In the case of internal reference:
{
"p": "performer",
"rt": "Practitioner",
"ri": "123"
}In the case of external reference:
{
"p": "performer",
"rb": "http://example.com/stu3/",
"rt": "Practitioner",
"ri": "123"
}The string field is s, which is the original string as is. Because Cosmos DB is case sensitive and we need to be able to search case-insensitive, a normalized string field n_s is also added here.
{
"p": "address",
"s": "Vancouver",
"n_s": "VANCOUVER"
}The system field is s, code field is c, and normalized text field is n_t because the text is always searched case-insensitive.
{
"p": "combo-value-concept",
"s": "http://loinc.org/la",
"c": "LA6718-6",
"n_t": "AT LEAST 100 BEATS PER MINUTE"
}The Uri field is u.
{
"p": "url",
"r": "http://example.com"
}To support different types of persistence layers, the FHIR search query is transformed into an expression language, which then could be implemented differently depending on the storage technology used.
ExpressionParser is used to parse the incoming query parameters into multiple Expression instances and ultimately grouped by an MultiaryExpression using MultiaryOperator.And.

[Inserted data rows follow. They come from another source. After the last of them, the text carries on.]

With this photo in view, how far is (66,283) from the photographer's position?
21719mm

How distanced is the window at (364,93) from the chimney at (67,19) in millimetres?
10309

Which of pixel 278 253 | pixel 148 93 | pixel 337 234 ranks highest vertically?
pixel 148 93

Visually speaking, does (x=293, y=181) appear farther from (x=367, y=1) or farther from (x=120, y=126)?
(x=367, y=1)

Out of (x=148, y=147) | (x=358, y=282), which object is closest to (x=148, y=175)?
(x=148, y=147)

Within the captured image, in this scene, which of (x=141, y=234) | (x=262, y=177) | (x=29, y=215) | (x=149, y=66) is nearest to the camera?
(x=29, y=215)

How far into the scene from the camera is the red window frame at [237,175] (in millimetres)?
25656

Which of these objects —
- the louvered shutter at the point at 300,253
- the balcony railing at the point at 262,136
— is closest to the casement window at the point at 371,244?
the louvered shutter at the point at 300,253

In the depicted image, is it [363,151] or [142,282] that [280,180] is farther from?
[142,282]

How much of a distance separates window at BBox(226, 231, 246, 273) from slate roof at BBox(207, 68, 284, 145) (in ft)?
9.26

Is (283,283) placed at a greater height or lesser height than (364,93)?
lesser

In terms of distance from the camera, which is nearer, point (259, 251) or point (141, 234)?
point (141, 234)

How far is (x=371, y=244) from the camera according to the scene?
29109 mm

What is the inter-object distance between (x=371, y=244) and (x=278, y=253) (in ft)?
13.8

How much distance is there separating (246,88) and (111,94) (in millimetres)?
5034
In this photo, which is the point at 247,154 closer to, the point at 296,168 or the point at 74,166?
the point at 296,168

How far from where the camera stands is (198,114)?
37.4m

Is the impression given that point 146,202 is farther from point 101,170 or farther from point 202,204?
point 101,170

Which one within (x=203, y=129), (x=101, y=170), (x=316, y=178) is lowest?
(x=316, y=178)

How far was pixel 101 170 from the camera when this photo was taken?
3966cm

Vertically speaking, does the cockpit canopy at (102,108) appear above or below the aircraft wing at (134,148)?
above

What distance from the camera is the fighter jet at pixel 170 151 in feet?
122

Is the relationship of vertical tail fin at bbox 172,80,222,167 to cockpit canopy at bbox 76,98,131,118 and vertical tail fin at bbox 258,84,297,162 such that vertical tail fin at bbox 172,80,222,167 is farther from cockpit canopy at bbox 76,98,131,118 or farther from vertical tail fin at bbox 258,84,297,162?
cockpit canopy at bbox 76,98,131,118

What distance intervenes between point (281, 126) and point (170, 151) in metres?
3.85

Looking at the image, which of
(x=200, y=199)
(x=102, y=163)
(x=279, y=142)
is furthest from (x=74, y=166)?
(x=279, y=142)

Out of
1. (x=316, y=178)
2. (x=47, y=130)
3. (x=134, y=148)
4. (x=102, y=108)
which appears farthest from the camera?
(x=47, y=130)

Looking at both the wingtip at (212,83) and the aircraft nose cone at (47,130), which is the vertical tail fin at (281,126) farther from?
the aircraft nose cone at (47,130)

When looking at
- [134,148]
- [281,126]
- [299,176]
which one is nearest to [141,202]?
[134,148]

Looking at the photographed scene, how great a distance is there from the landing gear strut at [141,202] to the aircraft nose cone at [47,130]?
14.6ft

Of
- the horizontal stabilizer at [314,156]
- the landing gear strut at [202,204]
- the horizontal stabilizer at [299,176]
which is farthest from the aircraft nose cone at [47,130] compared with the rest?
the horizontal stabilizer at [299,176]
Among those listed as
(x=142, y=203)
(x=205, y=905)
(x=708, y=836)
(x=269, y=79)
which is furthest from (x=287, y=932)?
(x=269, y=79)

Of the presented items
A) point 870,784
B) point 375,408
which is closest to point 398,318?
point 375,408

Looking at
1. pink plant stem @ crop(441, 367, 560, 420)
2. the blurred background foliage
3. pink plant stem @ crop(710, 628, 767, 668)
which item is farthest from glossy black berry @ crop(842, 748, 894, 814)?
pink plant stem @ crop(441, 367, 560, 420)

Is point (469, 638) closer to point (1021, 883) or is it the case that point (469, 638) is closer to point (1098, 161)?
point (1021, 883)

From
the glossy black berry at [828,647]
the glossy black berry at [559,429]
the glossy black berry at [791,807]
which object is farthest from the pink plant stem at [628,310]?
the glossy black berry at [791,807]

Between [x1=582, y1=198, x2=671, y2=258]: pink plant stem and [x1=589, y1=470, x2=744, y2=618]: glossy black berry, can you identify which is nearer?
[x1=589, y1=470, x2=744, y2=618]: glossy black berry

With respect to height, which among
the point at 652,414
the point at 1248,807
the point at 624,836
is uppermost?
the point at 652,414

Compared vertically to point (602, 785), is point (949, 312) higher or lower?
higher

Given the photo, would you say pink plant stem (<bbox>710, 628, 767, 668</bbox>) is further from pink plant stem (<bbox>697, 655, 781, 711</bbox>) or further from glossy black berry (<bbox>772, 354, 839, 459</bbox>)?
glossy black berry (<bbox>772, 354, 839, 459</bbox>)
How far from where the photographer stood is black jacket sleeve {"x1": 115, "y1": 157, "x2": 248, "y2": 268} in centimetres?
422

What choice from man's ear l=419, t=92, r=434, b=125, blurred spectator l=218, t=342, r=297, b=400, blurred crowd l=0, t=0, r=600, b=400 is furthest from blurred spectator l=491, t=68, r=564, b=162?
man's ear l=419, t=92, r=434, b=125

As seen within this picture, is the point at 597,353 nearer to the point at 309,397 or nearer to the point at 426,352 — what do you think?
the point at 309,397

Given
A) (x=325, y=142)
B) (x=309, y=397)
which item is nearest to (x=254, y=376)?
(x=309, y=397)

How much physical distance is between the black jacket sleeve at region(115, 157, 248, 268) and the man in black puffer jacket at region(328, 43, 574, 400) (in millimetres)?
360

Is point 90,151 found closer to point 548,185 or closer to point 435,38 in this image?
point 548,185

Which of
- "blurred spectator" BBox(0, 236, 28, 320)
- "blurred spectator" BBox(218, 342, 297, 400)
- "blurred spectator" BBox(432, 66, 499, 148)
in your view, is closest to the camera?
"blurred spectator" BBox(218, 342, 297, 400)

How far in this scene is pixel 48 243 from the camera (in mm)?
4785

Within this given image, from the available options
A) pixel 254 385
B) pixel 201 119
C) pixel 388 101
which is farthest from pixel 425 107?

For example, address-city:exact=Seattle&family=Smith will be translated into:
MultiaryExpression(
MultiaryOperator.And,
MultiaryExpression(
MultiaryOperator.And,
StringExpression(StringOperator.Equal, FieldName.ParameterName, "address-city", IgnoreCase: false),
StringExpression(StringOperator.Equal, FieldName.String, "Seattle", IgnoreCase: false)
),
MultiaryExpression(
MultiaryOperator.And,
StringExpression(StringOperator.Equal, FieldName.ParameterName, "family", IgnoreCase: false),
StringExpression(StringOperator.Equal, FieldName.String, "Smith", IgnoreCase: true)
)
)
Prefixes are also supported. For example, date=2018-05-31&code-value-quantity=29463-7$gt150|http://unitsofmeasure.org|[lb_av] will be translated into:
MultiaryExpression(
MultiaryOperator.And,
MultiaryExpression(
MultiaryOperator.And,
StringExpression(StringOperator.Equal, FieldName.ParameterName, "date", IgnoreCase: false),
BinaryExpression(BinaryOperator.GreaterThanOrEqual, FieldName.DateTimeStart, 2018-05-31T00:00:00.0000000Z),
BinaryExpression(BinaryOperator.LessThanOrEqual, FieldName.DateTimeEnd, 2018-05-31T23:59:59.9999999Z)
),
MultiaryExpression(
MultiaryOperator.And,
StringExpression(StringOperator.Equal, FieldName.ParameterName, "code-value-quantity", IgnoreCase: false),
MultiaryExpression(
MultiaryOperator.And,
StringExpression(StringOperator.Equal, FieldName.TokenCode, "29463-7", ComponentIndex:0)),
MultiaryExpression(
MultiaryOperator.And,
MultiaryExpression(
MultiaryOperator.And,
StringExpression(StringOperator.Equal, FieldName.QuantitySystem, "http://unitsofmeasure.org", ComponentIndex: 1, IgnoreCase: false),
StringExpression(StringOperator.Equal, FieldName.QuantityCode, "[lb_av]", ComponentIndex: 1, IgnoreCase: false)),
MultiaryExpression(
MultiaryOperator.And,
BinaryExpression(BinaryOperator.GreaterThan, FieldName.Quantity, 150, ComponentIndex: 1)
)
)
)
)
Once the expression tree has been built, it needs to be translated into Cosmos SQL Query so that it can be executed.
QueryBuilder is responsible for doing this translation.